For instance Perelman's proof was not submitted to any journal but published online. How did professional mathematicians discern that it was a genuine proof?
So how does one spot a crank proof? It seems that John Baez once (humorously) proposed a "crackpot checklist". Would this seem like a fair criterion?
In addition to Willie's answer/comment:
About a year ago, last June, a paper by Gerhard Opfer got a bit of attention for claiming to solve the Collatz Conjecture (it didn't). It was submitted to Mathematics of Computation, which may have given it the seeming credibility that propelled it into the spotlight (this is always a mystery - I don't know what made the recent kid-who-sort-of-solved-an-old-Newton-problem thing such a firestorm either). It even got to a question here.

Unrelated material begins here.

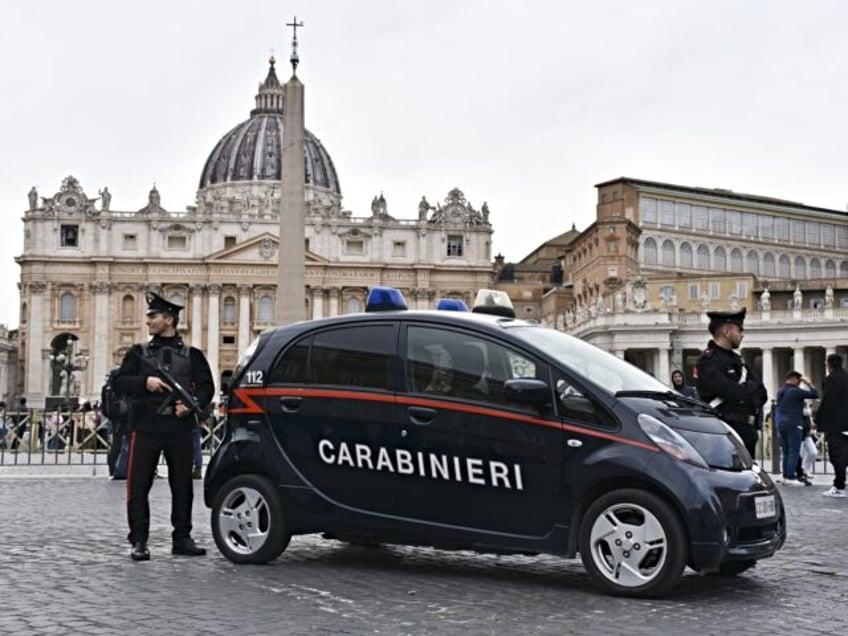 ROME, ITALY - MARCH 25: Security measures are taken at the famous St. Peter's Square as th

This prompted me to write a short blog post about the Collatz Conjecture, Opfer's paper, and as a soft-answer to this soft-question, a bit about cranks and crank papers. (Ironically, writing that blog post somehow threw the spotlight on me as a destination for crank papers, and I've received a great many since.)
I think a large part of this aspect of the post can be summed up in two links: The Alternative-Science Respectability Checklist and Ten Signs a Claimed Mathematical Breakthrough is Wrong.

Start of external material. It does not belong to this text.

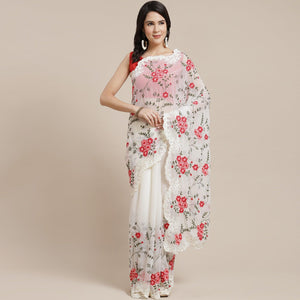 Off-White Floral Embroidered Georgette Saree - Peachmode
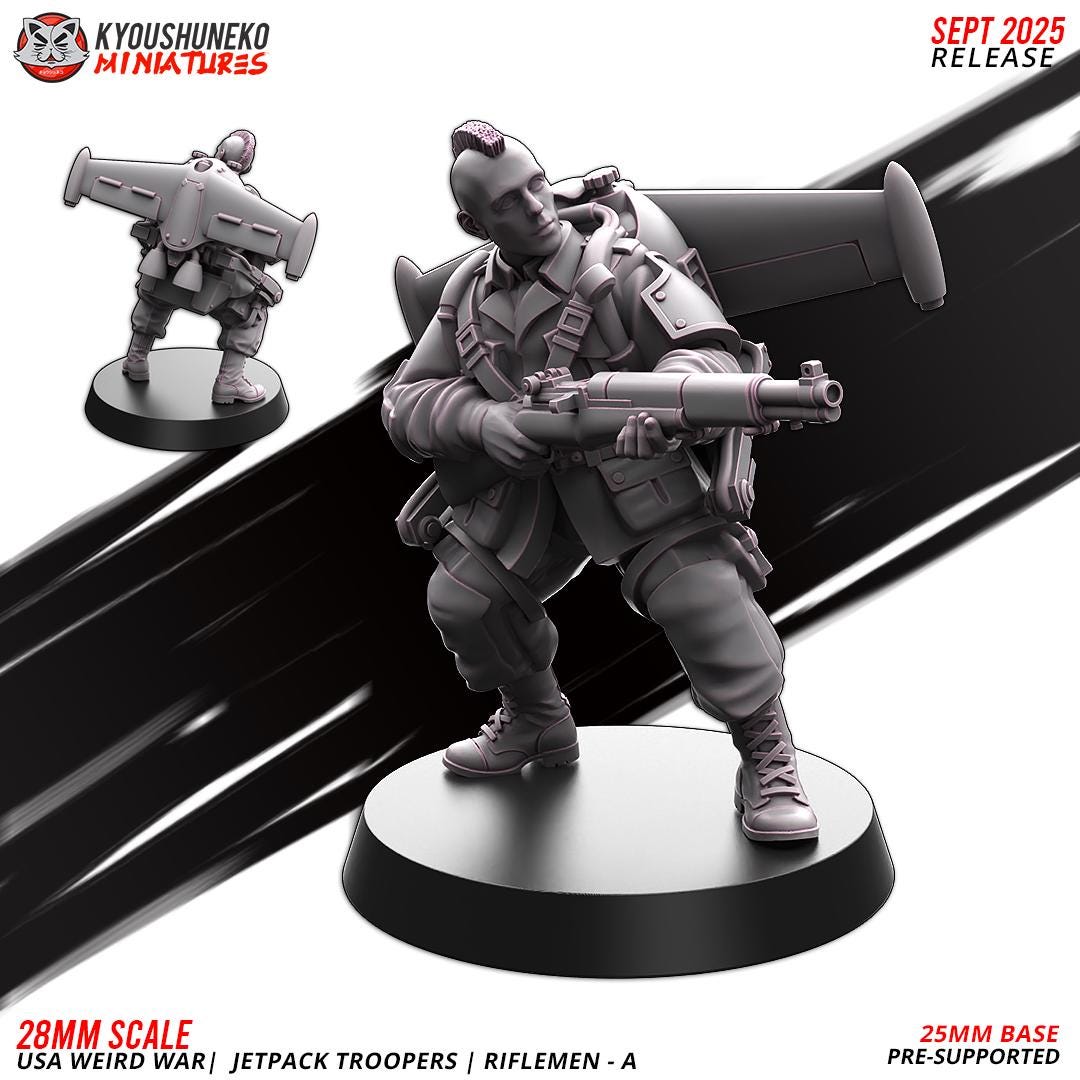 German Weird War Jetpack Troopers Riflemen A (10 models) Various Scales SF Wargaming (US tariffs are pre-paid by us)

But I also happened across some articles from the writer-physicist or physicist-writer Jeremy Bernstein (much of whose work is published in periodicals like the New Yorker). He wrote an article called How can we be sure that Einstein was not a crank? (this is a link to a book containing the article), and he discusses two criteria for determining whether a new physics paper is from a crank or not.
The criteria don't quite port over to math so well, but there is an idea behind them that's true, just as the ideas behind the very humourous Ten Signs a Claimed Mathematical Breakthrough is Wrong are accurate in many ways. If I were to summarize some of his key points, I would say that Bernstein looks at 'correspondence' and 'predictiveness.' In the physics sense, 'correspondence' means that the result should explain why previous theories were wrong, and how the proposed idea agrees with experimental evidence. 'Predictiveness' is just what it says: a physics breakthrough should be able to predict some phenomena. If I were to cast these in a mathematical nature, I suppose 'correspondence' would say that the math shouldn't contradict things we already know (now we can solve all quintics with radicals, for example). But if the result is a big, old one, like Collatz or the Millenium problems, I should think that one needs to introduce something new so that there is some explanation of why it hadn't been done before. Predictiveness really doesn't port so well. I suppose that the strength of a mathematical result is sometimes measured in how much 'new math' it creates, and this is a sort of predictiveness... it's not a great match.
But I'd like to end by noting that sometimes, especially in math, simple arguments for nonsimple results (whatever that really means) exist. One of my favorite examples is the paper PRIMES is in P!, the paper detailing the AKS algorithm for quickly determining whether a given number is prime. The arguments are entirely elementary, despite how big the result it. And, funny enough, there is capitalization and excitement, indicators on some of the crank-checklists. Yet the result is valid.